**Exercise goal:** Under this line sits a listing. Repeat exactly and only its lines from the one holding "Dues and Fees Custom" through the one holding "Baseball cap embroidered"; skip pictures.
-- Records provided follows --
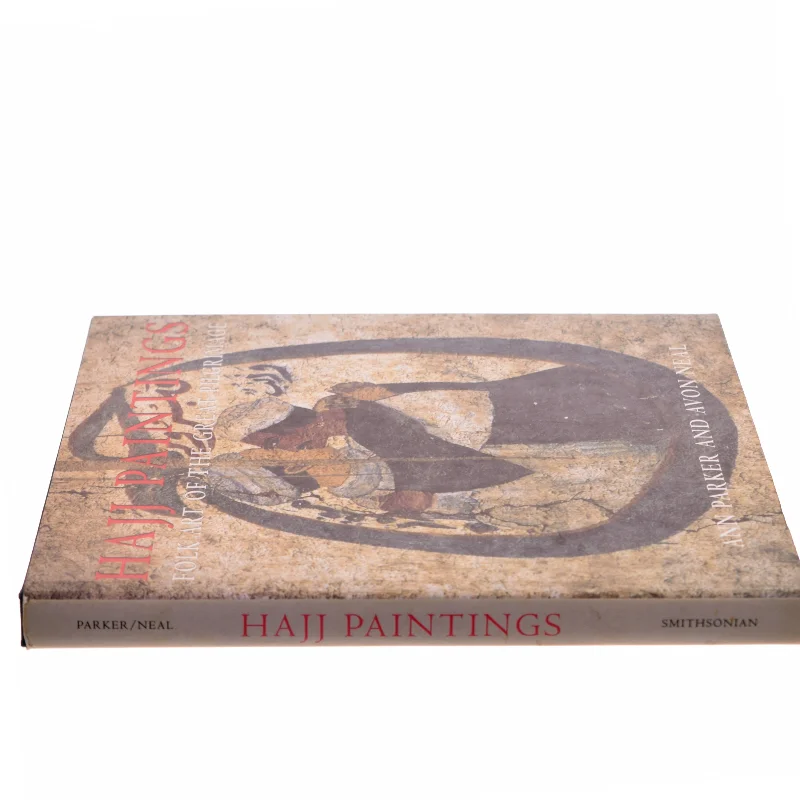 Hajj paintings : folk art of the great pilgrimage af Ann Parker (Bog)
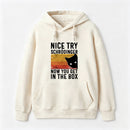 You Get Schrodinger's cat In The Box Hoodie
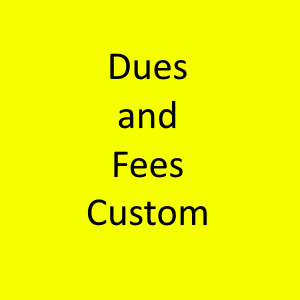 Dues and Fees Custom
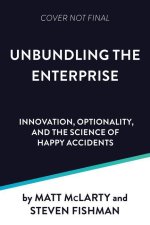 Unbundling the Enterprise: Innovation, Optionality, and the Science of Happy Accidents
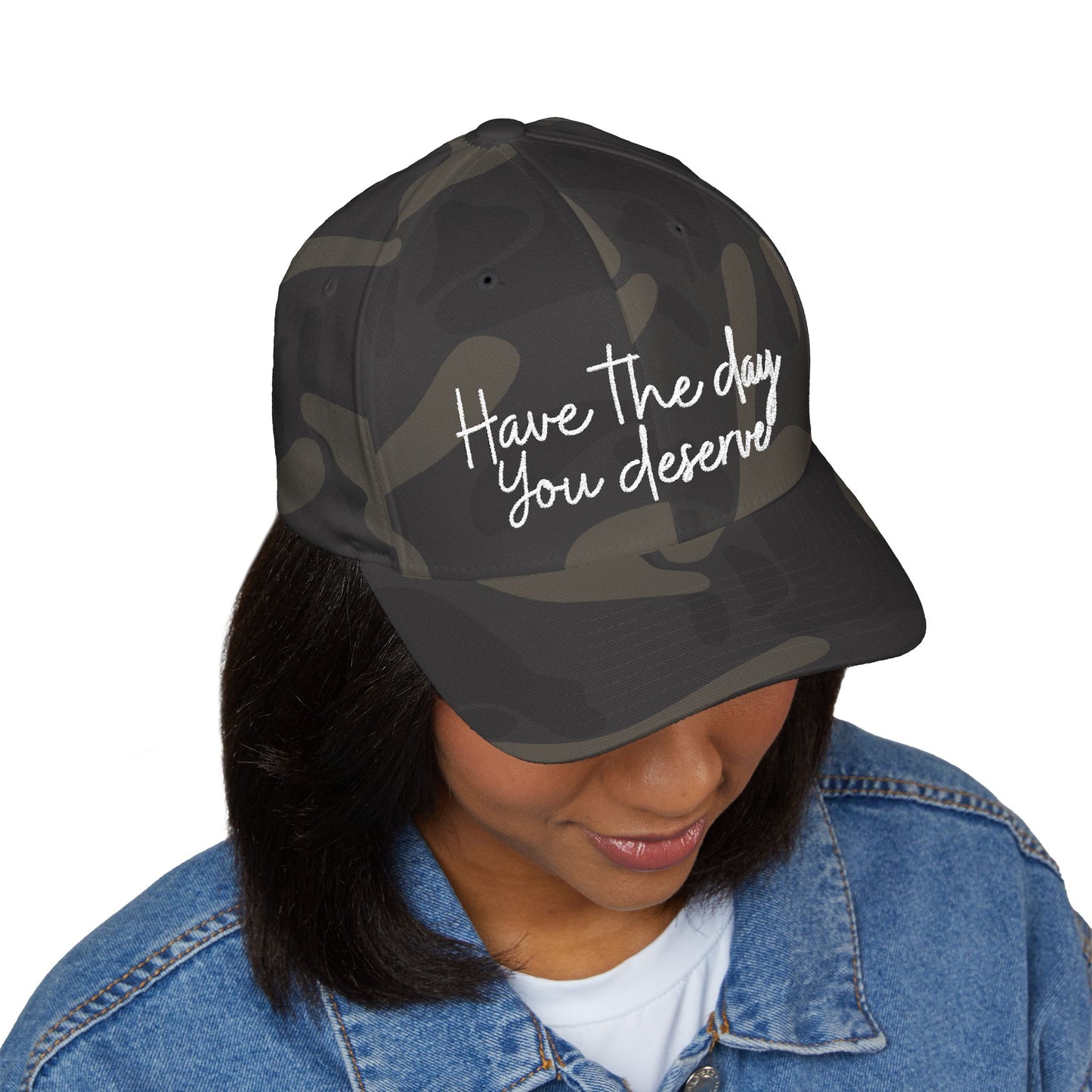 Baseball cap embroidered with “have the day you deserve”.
-- Records provided concluded --
-- Records provided follows --
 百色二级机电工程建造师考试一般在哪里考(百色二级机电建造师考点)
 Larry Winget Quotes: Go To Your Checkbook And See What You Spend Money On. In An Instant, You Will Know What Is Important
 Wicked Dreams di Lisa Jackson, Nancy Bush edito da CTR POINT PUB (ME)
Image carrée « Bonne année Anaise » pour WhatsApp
-- Records provided concluded --
**Exercise output:**
 Dues and Fees Custom
 Unbundling the Enterprise: Innovation, Optionality, and the Science of Happy Accidents
 Baseball cap embroidered with “have the day you deserve”.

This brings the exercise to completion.